Un giorno questo dolore ti sarà utile è il ritratto della New York di oggi, raccontato attraverso gli occhi del giovane James e della sua squinternata famiglia. La madre Marjorie ha una galleria d’arte dove espone bidoni della spazzatura. Colleziona mariti: ha appena abbandonato il terzo, Mr. Rogers, un giocatore compulsivo, durante la luna di miele a Las Vegas. Il padre Paul esce solo con donne che potrebbero essergli figlie. Al contrario, la sorella Gillian ha una relazione con il suo professore di semiotica e non riesce a innamorarsi di uomini che non abbiano almeno il doppio della sua età. Intanto già prepara le sue memorie, sicura che saranno un best seller. Solo Nanette , la nonna enigmatica e anticonformista, riesce a comprendere lo spaesamento di un diciassettenne inquieto alla ricerca dell’ identità, sullo sfondo di una New York ricca di personaggi sconcertanti.
Tratto dall’omonimo libro di Peter Cameron il film è il racconto fatto in prima persona dal protagonista, delle sue articolate e controverse relazioni affettive con l’umanita che lo circonda. Una umanità da cui lui vuole fortemente differenziarsi. Suo compagno inseparabile il cagnolino di casa e sua principale confidente la nonna. Ecco come lui stesso si presenta: “Ho 17 anni e non amo molto parlare. Sono un anarchico, odio la guerra, la politica e la religione organizzata. I miei dicono che sono un asociale perché non voglio andare all’ università. Non ci voglio andare perché non voglio essere indottrinato. Mi bastano le idee che ho. Amo leggere e passare le giornate in campagna da mia nonna. Per questo sarei un disadattato?”
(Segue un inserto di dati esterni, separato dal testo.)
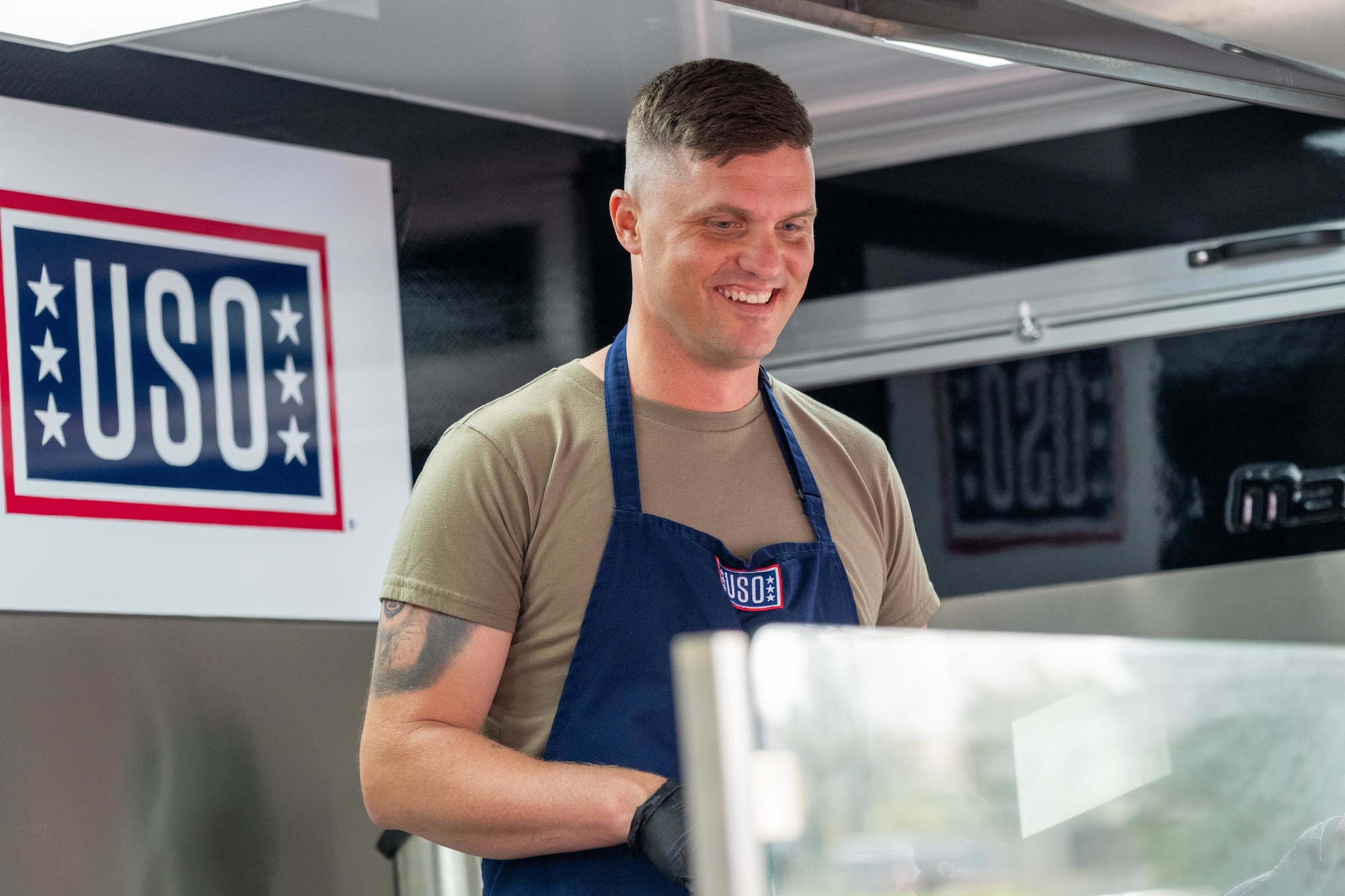 A USO volunteer prepares food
A mio parere in questa storia, così come la vediamo trasposta nel film, non c’è una forte espressione di trasgressione o addirittura di nichilismo come nel “Giovane Holden” di Salinger, quanto la richiesta del protagonista ad essere lasciato in pace, una richiesta fatta molto sottovoce. Il protagonista in fondo, ha un cuore compiacente, dona se stesso alla famiglia anche se con un apparente biasimo, ma ne è totalmente imbrigliato anche se incosapevolmente. Ama in modo profondo e vuole essere amato pur isolandosi dal pensiero che lo circonda, che però non è un pensiero unico e collettivo. Ogni personaggio con cui lui si relaziona, ha una identità, un pensiero, uno stile di vita propri non meno stravaganti del suo, ma nemmeno meno normali. Tutti loro rappresentano ognuno a suo modo, l’ordinaria umanità moderna, schiava dell’apparenze, della fama e affamata di amore. Cosa c’è di più normale? L’unica via alla trasgressione sembra essere il sua rifiuto di andare all’università, la poca frequentazione coi coetanei, o almeno con una parte e qualità di essi. Sono richieste fisiologiche ma anche ordinarie e penso anche condivise da molti adolescenti. Il film in fondo è un film sull’uso della ragione e sulla capacità di discernimeto utilizzando il cuore, esercitando l’amore e una sana ironia, che poi è un modo per non prendersi troppo sul serio.